Ella Kim, 4R
Iraq is a beautiful country built on a long history rich in culture. The traditional Iraq cuisine consists of rice with soup and sauces, served with lamb and vegetables. Traditionally, holidays are celebrated by sacrificing a lamb or goat, but in modern-day, these celebrations are kept to a minimum.
In the past, Iraq's economy depended on agriculture. In the 1970's, the economy skyrocketed when oil production was popularized. However today, its economy is struggling. After the Persian Gulf War, Iraq was left in a position in which it cannot trade with any countries. The two biggest industries that Iraq is widely known for is oil production and agriculture.
- Iraq's development began in Mesopotamia, otherwise known as the "Land between rivers"
- The first Islamic Civil war struck in 656-661 AD, with the second following closely behind at 683-685 AD
- 1927 is the beginning of the oil production, when it was discovered north of Kirkuk
- Kuwait is claimed as part of Iraq in the year 1961
- In 1998, Iraq cancels cooperation with the UN's special Commission, and also terminate trade with foreign countries as a result.
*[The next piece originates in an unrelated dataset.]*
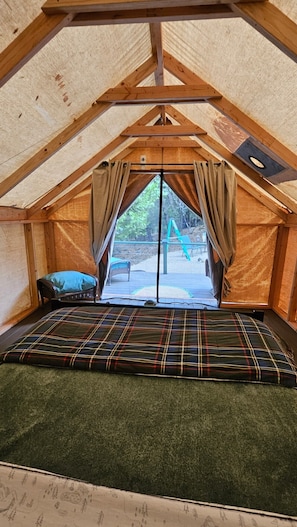 Une tente dotée d’un espace pour dormir, d’une fenêtre et offrant une vue sur l’extérieur.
The Islamic government is not one which can be compared to others in modern-day. It works in a constitutional sense, where those who rule the country must abide by a certain set of rules and conditions.
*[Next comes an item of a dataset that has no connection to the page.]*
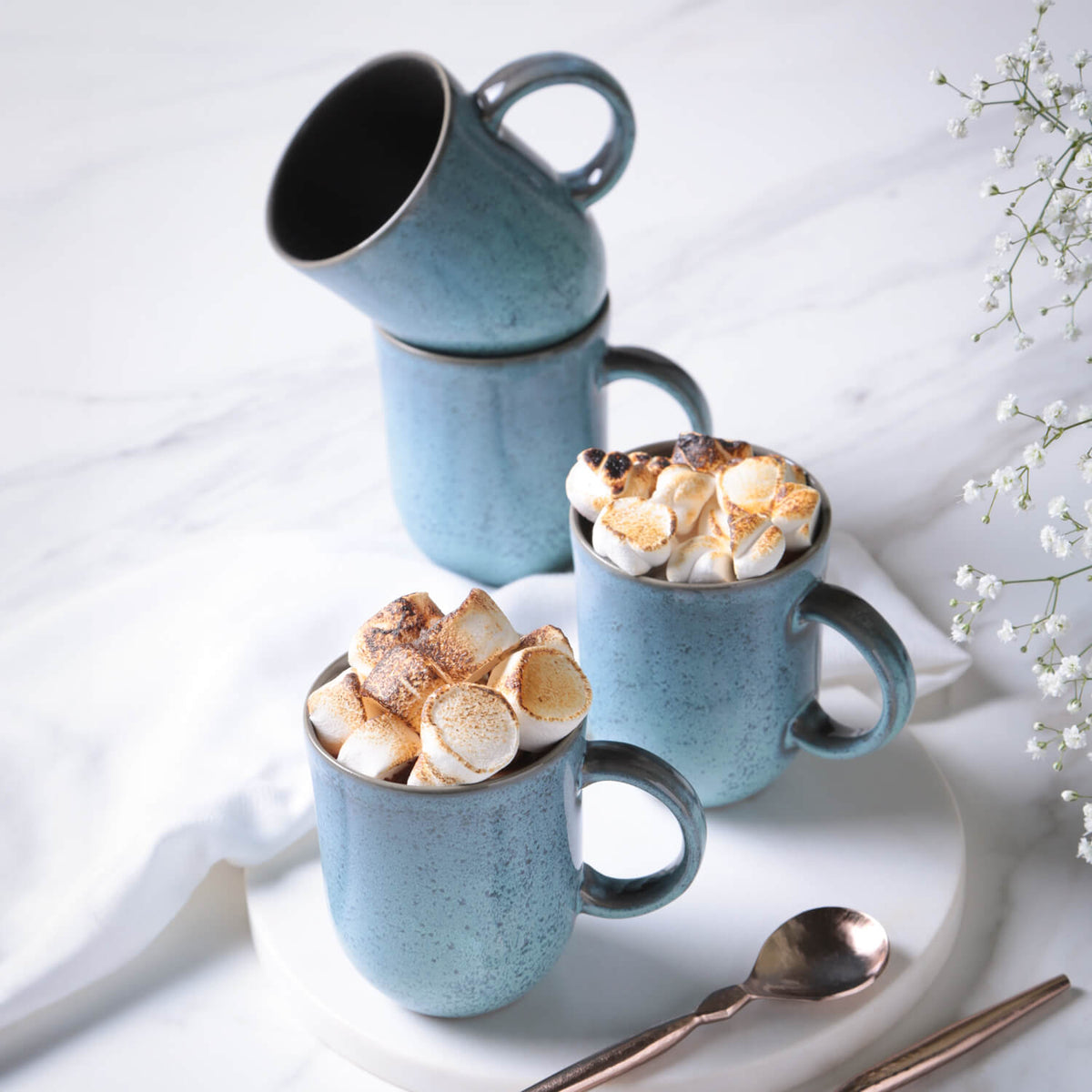 Blue ceramic mugs filled with toasted marshmallows on a white surface.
Iraq is located in the middle east, bordered by Jordan, Saudi Arabia, Syria and Turkey. It sits between 33° N and 44° E. The capitol of the country is Baghdad, which has a population of about 30,400,000 people. Some of the biggest cities in Iraq, not including Baghdad are Basra, Mosul, Erib, and Najaf. Iraq is very diverse geographically. It has four regions: The desert, Upper Mesopotamia, the Northern Highlands of Iraqi Kurdistan, and lower Mesopotamia. The climate of Iraq is subtropical, which is influenced mainly by the desert areas and the humidity of the Persian Gulf.